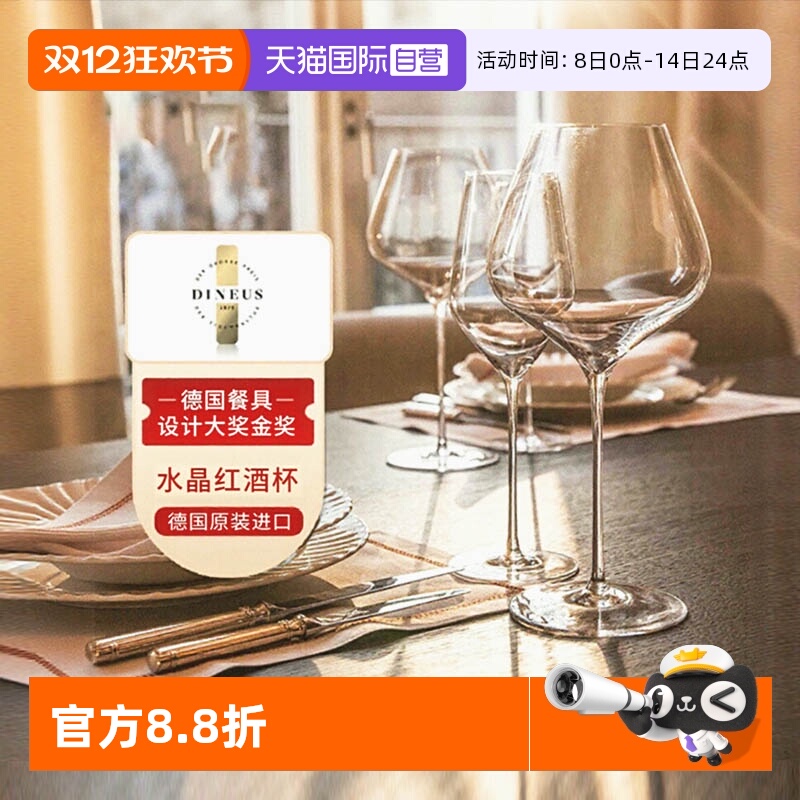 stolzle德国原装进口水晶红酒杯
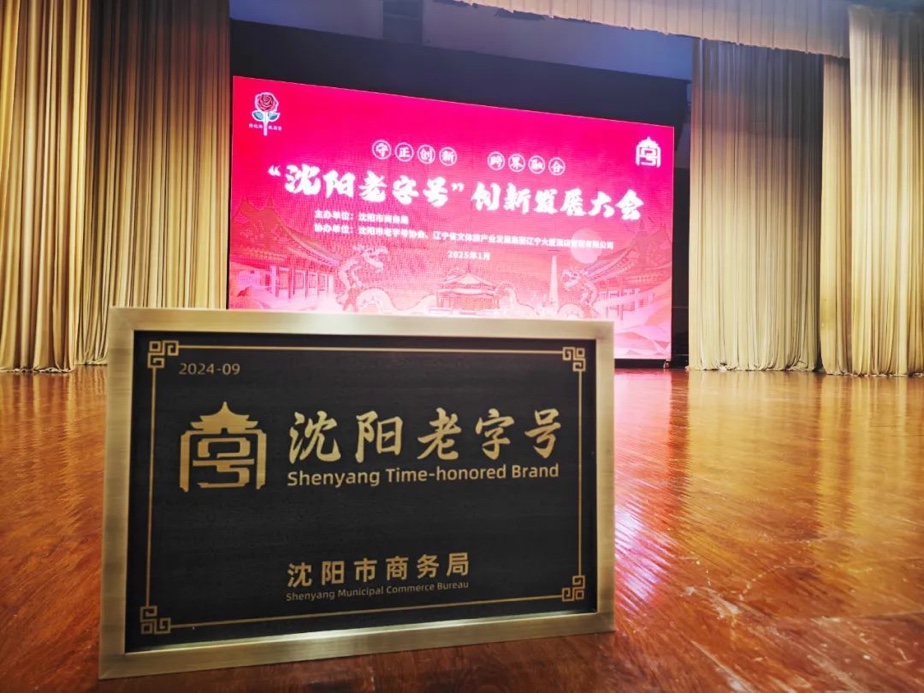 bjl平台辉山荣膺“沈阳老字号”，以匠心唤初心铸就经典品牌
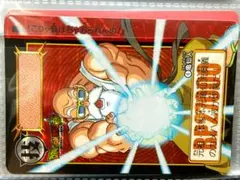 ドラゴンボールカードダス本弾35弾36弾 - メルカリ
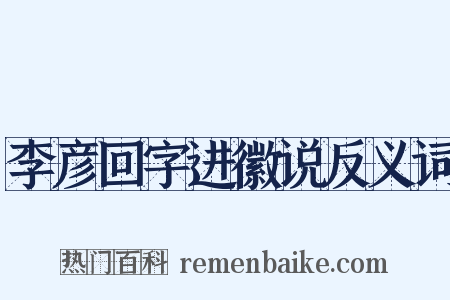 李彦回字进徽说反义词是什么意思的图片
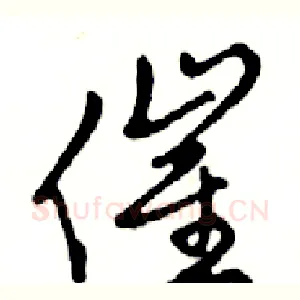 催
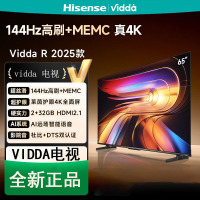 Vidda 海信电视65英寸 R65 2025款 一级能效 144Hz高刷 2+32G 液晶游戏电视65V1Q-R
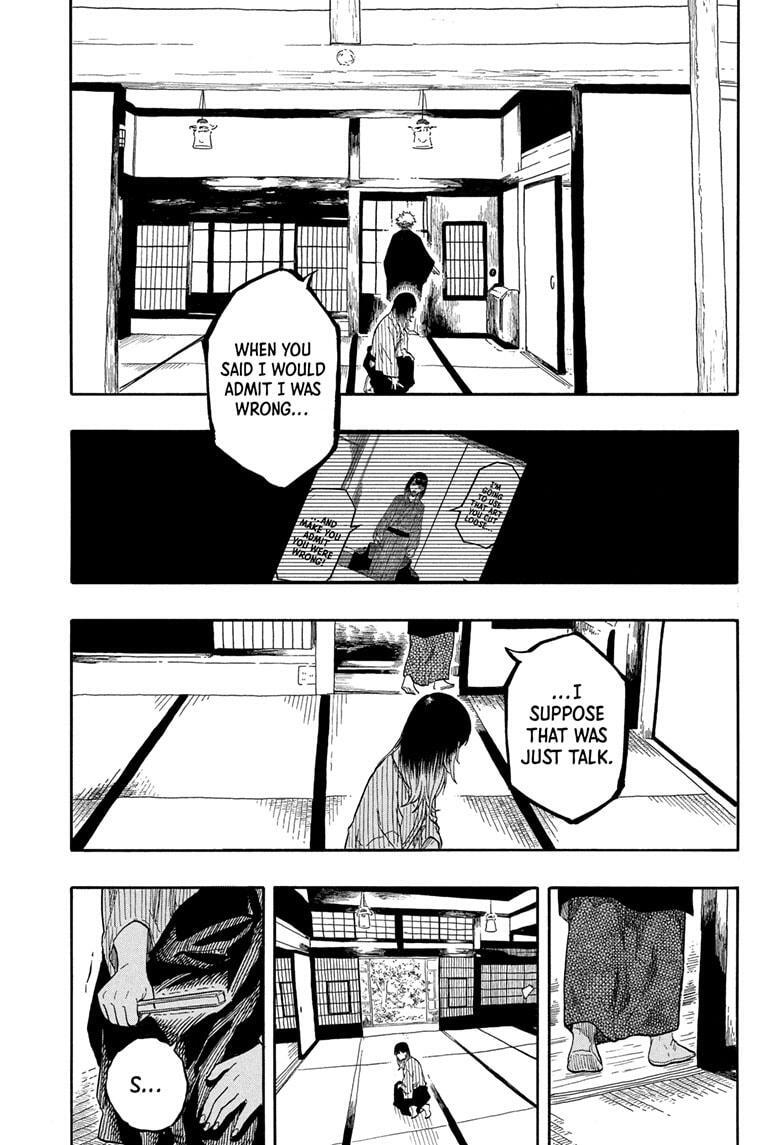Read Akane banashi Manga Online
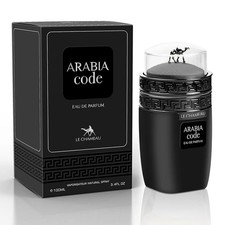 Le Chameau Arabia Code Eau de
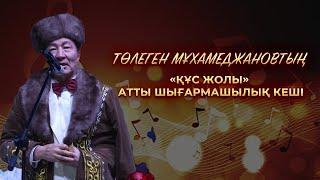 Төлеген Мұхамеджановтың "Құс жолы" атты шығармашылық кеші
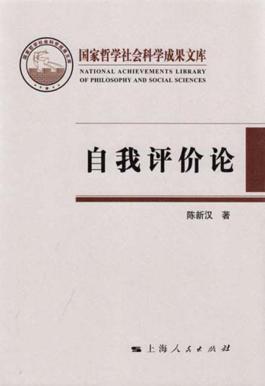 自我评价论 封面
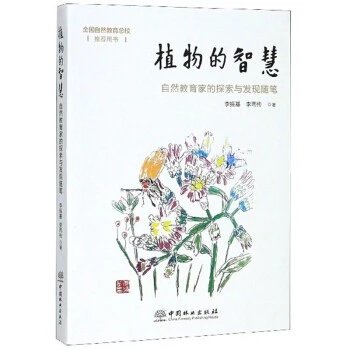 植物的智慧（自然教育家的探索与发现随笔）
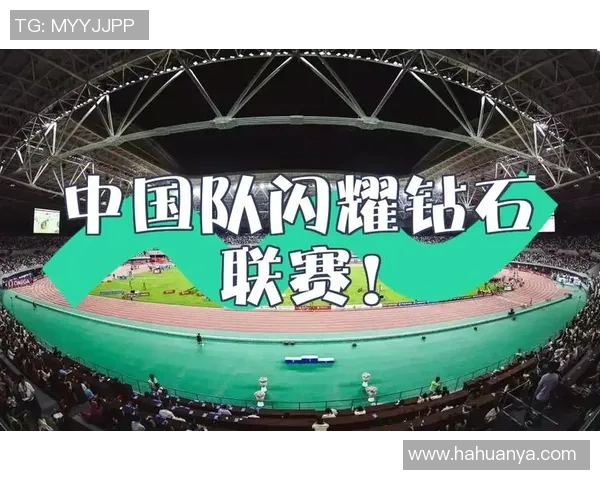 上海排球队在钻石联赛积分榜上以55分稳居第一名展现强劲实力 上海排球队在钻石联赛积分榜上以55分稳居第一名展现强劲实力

----------

* [Brief]
Please copy exactly the lines from the one containing "ドラゴンボールカードダス本弾35弾36弾 - メルカリ" through the last line of the records, both ends included, and leave out any pictures.

* [Exercise answer]
 ドラゴンボールカードダス本弾35弾36弾 - メルカリ
 李彦回字进徽说反义词是什么意思的图片
 催
 Vidda 海信电视65英寸 R65 2025款 一级能效 144Hz高刷 2+32G 液晶游戏电视65V1Q-R
Read Akane banashi Manga Online
 Le Chameau Arabia Code Eau de
 Төлеген Мұхамеджановтың "Құс жолы" атты шығармашылық кеші
 自我评价论 封面
 植物的智慧（自然教育家的探索与发现随笔）
 上海排球队在钻石联赛积分榜上以55分稳居第一名展现强劲实力 上海排球队在钻石联赛积分榜上以55分稳居第一名展现强劲实力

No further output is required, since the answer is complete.